Tourists should know that recovery remains the island’s priority and expect that some places could be short-staffed and some attractions may be closed, Kehaulani Watson said.

Gemma Alvior, a local designer who has a boutique at Maui Mall Village in Kahului, also urged visitors to “always remember to watch how you speak about your vacation because you don’t know who is listening. Everyone is emotional and hurt.”

Patronize small businesses and tip well

“Support the economy by shopping at local stores, restaurants, food trucks and shopping Hawaiian products,” said Naluai, who runs Ho’omana Spa. She suggested that tourists use the Kuhikuhi database to find Native Hawaiian-owned businesses or shop them virtually and take as many selfies as they want supporting local businesses in unaffected areas.

Many people are looking for jobs, and local businesses need to absorb the workforce until things rebuild, Naluai said. “Only thriving business can continue to offer opportunities. We all need to survive so we can continue to serve for the long haul towards restoration.”

Volunteer or donate

The state Department of Business, Economic Development and Tourism urges visitors to check mauistrong.hawaii.gov for the latest Maui emergency management and recovery information, as well as information about how to help.

‘Āina Momona suggests that tourists consider volunteering with Maui Food Bank, Maui Rapid Response or Common Ground Collective.

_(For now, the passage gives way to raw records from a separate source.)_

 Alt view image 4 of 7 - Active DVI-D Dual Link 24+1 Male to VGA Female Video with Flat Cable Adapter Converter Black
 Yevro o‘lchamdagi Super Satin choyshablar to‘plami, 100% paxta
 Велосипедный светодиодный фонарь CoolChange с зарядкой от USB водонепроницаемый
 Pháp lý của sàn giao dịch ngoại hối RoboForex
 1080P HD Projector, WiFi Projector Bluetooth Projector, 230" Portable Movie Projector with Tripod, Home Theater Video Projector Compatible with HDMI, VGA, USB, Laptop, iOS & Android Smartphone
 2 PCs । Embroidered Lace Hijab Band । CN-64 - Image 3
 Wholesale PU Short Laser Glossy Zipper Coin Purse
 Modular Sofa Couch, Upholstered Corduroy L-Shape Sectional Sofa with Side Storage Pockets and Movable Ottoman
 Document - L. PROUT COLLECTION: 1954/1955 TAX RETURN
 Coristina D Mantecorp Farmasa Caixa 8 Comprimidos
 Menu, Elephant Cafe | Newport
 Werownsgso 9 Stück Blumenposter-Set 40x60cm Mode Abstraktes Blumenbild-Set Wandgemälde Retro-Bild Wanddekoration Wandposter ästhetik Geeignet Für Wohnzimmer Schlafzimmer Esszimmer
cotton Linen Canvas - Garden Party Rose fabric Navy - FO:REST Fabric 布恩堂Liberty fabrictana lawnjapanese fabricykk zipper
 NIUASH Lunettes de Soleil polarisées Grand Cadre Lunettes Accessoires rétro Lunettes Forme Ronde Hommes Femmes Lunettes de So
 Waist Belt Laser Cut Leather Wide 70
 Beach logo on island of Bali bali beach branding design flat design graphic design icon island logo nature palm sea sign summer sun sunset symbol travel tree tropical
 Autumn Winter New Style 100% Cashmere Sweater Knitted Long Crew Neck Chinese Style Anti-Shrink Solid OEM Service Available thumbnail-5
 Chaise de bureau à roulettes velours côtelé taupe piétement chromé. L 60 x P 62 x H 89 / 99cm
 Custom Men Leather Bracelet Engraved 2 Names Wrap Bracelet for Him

Alvior, the Pulelehua boutique designer, also suggested that people consider volunteering with the Maui Humane Society or donating goods.

“They can also bring an extra luggage full of items that are needed here. Don’t come empty-handed,” Alvior said. (Needs have shifted relatively quickly over the last few weeks, so it’s best to connect with local groups beforehand or on social media.)

Kilakila Nunes, a Maui resident whose pool services business works with local resorts, suggested that travelers consider making “a small monetary donation to a credible agency if possible” while enjoying the rest of the island.